→ Task brief
Among the entries below, which lines run from the line with "Boho ruffle hem fall dress - Picture 6 of 16" through the line with "Excited to share"? Retype those, both ends included, exactly and without pictures.

Brief descriptive captions:

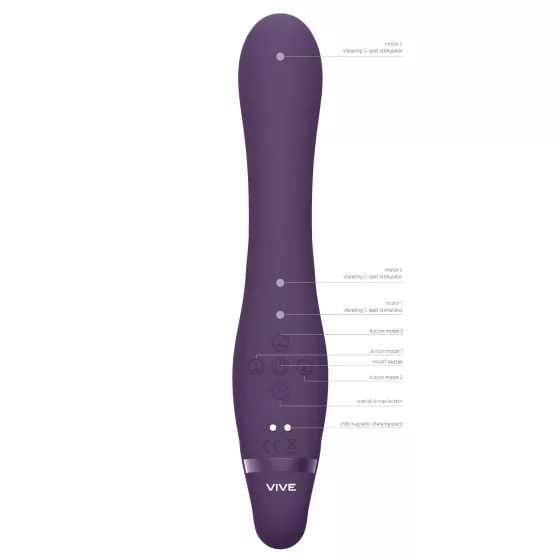 Vive Suki - připínací vibrátor bez popruhu - fialový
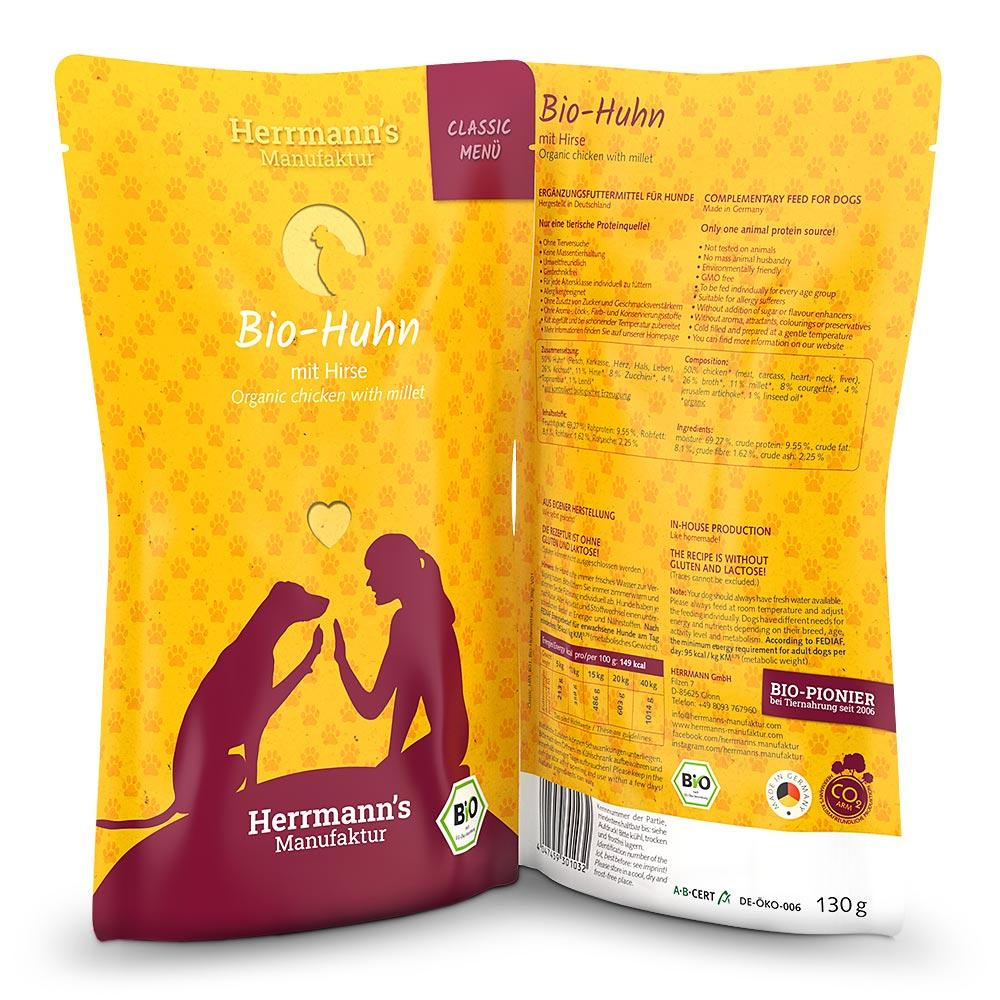 petspremium Herrmann's Bio-Huhn mit Hirse Classic Nassfutter 48 x 130 g Online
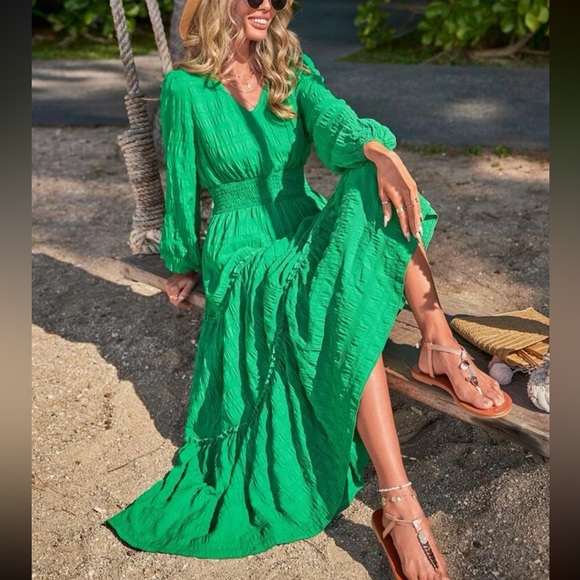 Boho ruffle hem fall dress - Picture 6 of 16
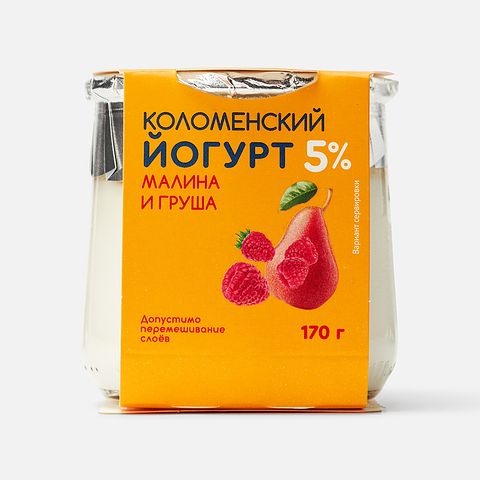 Изображение товара Йогурт Коломенский, 5%, малина и груша, в стекле, 170 г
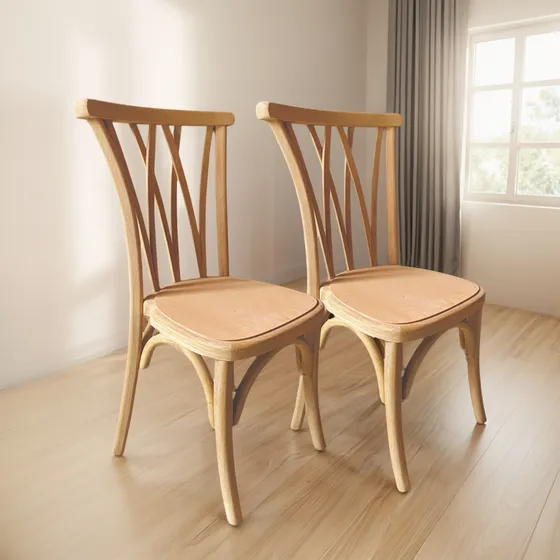 Duo Silla Romana Madera Crudo Chivari Restaurante Eventos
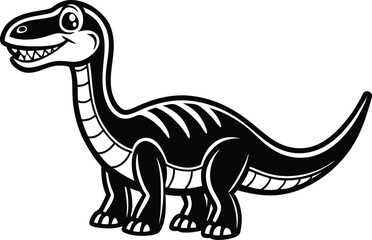 tyrannosaurus dinosaur vector illustration, dinosaur line art coloring page on white background.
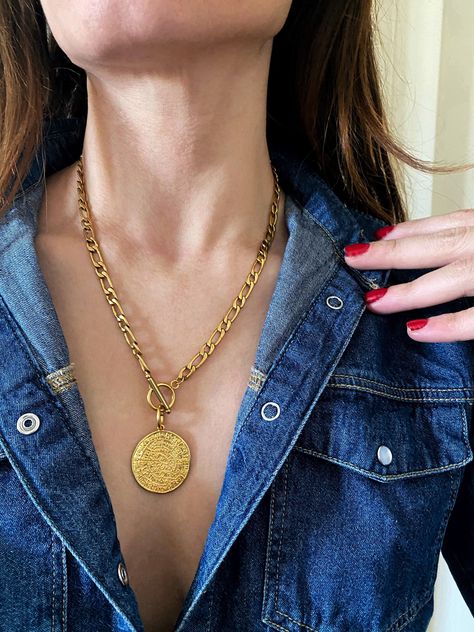 Excited to share this item from my #etsy shop: Gold coin necklace, phestos disc pendentif medallion, chunky coin necklace, ancient aesthetic coin charm necklace, Greek coin charm necklace Ancient Aesthetic, English Coins, Figaro Necklace, Gold Coin Necklace, Greek Coins, Copper Coins, Shades Of Gold, Gold Coin, Small Rings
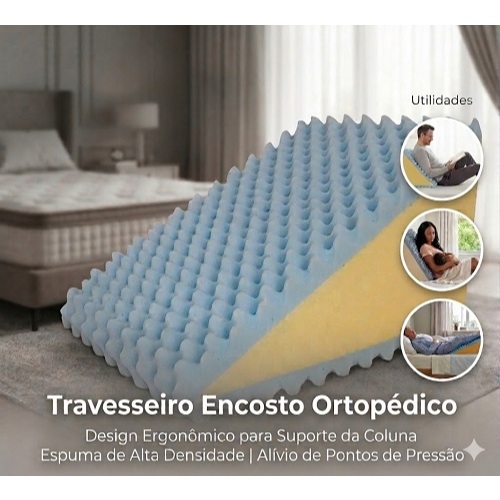 Travesseiro Encosto Triangular Ortopédico Com Capa tamanho 63x42x39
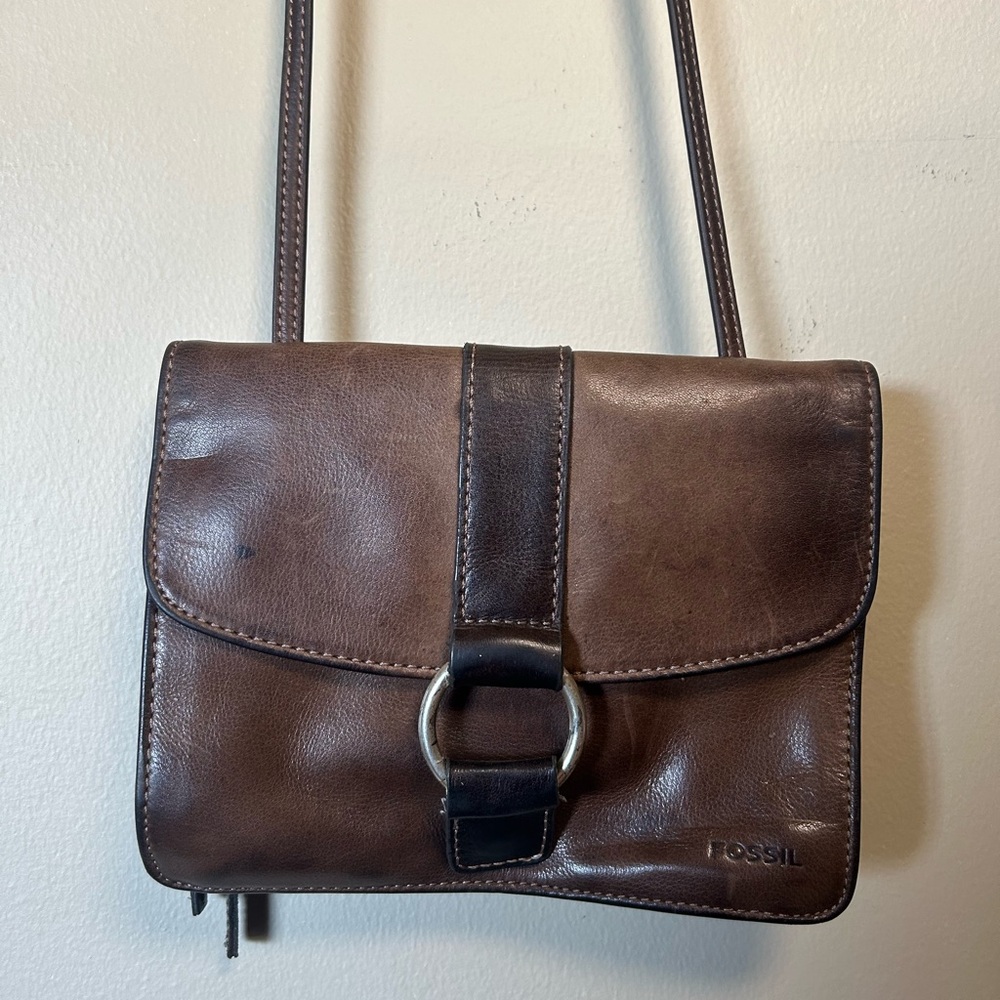Fossil Brown Leather Crossbody Bag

→ Exercise response
 Boho ruffle hem fall dress - Picture 6 of 16
 Изображение товара Йогурт Коломенский, 5%, малина и груша, в стекле, 170 г
 Duo Silla Romana Madera Crudo Chivari Restaurante Eventos
 tyrannosaurus dinosaur vector illustration, dinosaur line art coloring page on white background.
 Excited to share this item from my #etsy shop: Gold coin necklace, phestos disc pendentif medallion, chunky coin necklace, ancient aesthetic coin charm necklace, Greek coin charm necklace Ancient Aesthetic, English Coins, Figaro Necklace, Gold Coin Necklace, Greek Coins, Copper Coins, Shades Of Gold, Gold Coin, Small Rings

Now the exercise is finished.